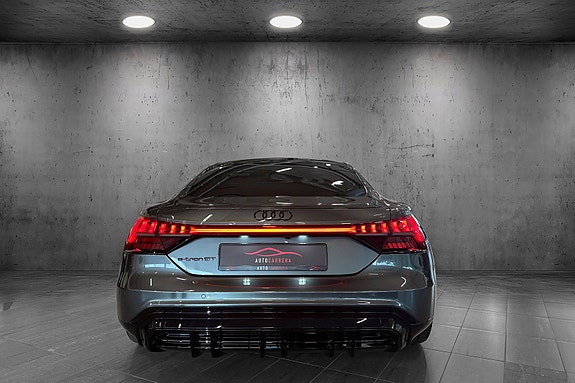 Audi e-tron GT 4 of 27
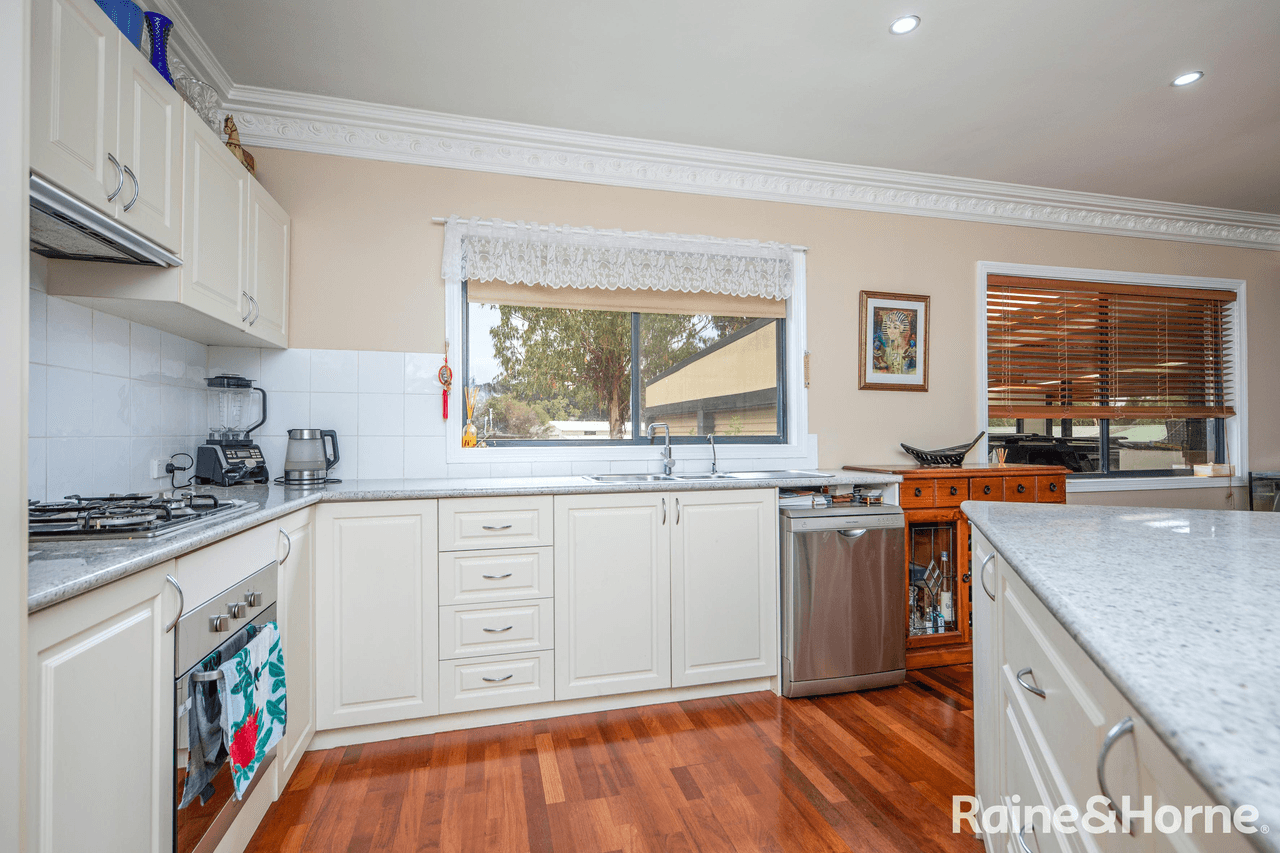 13 Taylors Court, KYNETON, VIC 3444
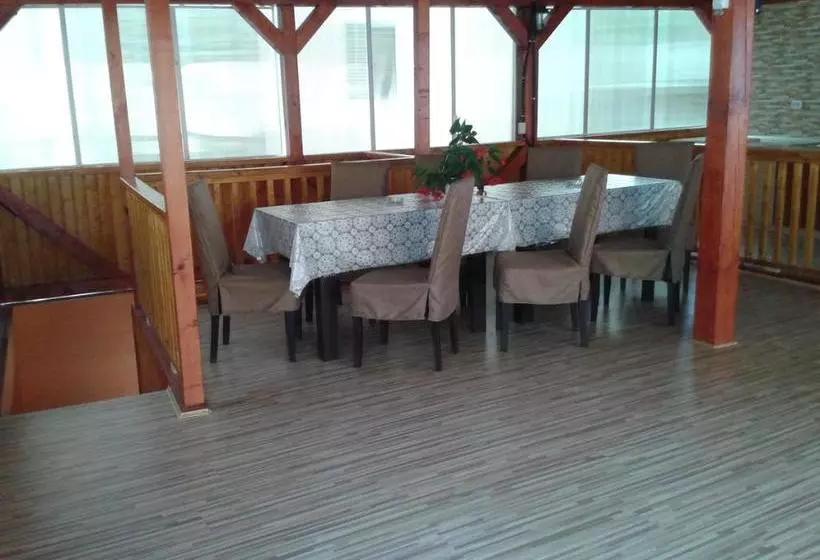 Majatalo Vila Adriano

Task to carry out: Everything in the material above is to be reproduced exactly, pictures aside.

Solution to this problem:
 Audi e-tron GT 4 of 27
 13 Taylors Court, KYNETON, VIC 3444
 Majatalo Vila Adriano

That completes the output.